Marofotsy

Regions with significant populations
- Madagascar

Languages
- Marofotsy

Religion
- Traditional beliefs Christianity

= Marofotsy =

The Marofotsy are a Malagasy tribe located in the district of Tsaratanana.

== Etymology ==
The name Marofotsy comes from a Sihanaka clan originally called Maromainty who migrated from Antsihanaka. They renamed themselves Marofotsy after finding a herd named Maromainty, and their first village, Ambohitrimarofotsy, gave its name to the province.
They represent the main population of the district.

== Location ==
The Marofotsy province lies northwest of the Imerina in the district of Tsaratanana.

==Recognition==
The Marofotsy like the Masikoro, Mikea and the Sahafatra aren't included in the 18 officially recognized tribes of Madagascar despite being a full-fledged ethnic group.

== History ==
Before the 17th century, the Marofotsy region was sparsely populated.
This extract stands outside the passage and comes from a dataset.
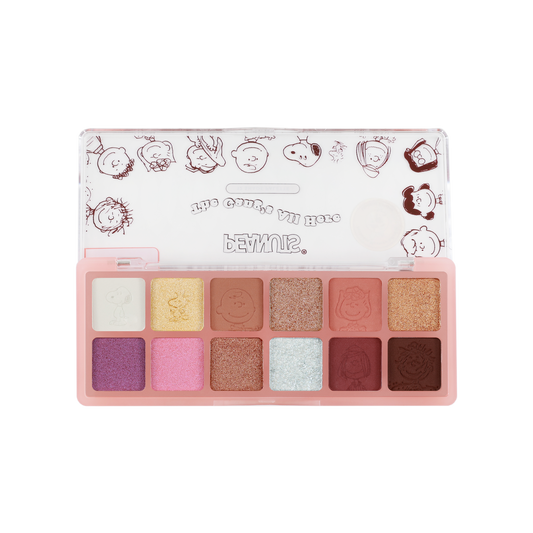 Snoopy 75 Aniversario Peanuts paleta 12 tonos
Over time, it attracted refugees and migrants from neighboring regions. From Boina, some fled after Andriamandisoarivo defeated Queen Rasoalo of the Mananadabo people and settled in Marofotsy. From Imerina, some Vazimba and later Merina moved to Marofotsy to escape harsh justice, forced labor, and military service. From Antsihanaka, following the subjugation of the Sihanaka by Andrianampoinimerina, some migrated west to Marofotsy, led by Randrianombelaza, son of the Sihanaka chief Ratohana.

During the Menalamba rebellion, the Marofotsy were feared raiders in the northern highlands. In the Antsihanaka region, entire villages were abandoned as people fled raids attributed to the Marofotsy, the Sakalava, and other bandits. Missionaries described scenes of panic: Sihanaka families hid in the reeds around Lake Alaotra, and churches such as that of Amparafaravola were burned. The rebellion's chaos destroyed Christian missions, and many converts returned to traditional religion. By the end of 1895, raiders had blocked all roads to Antananarivo.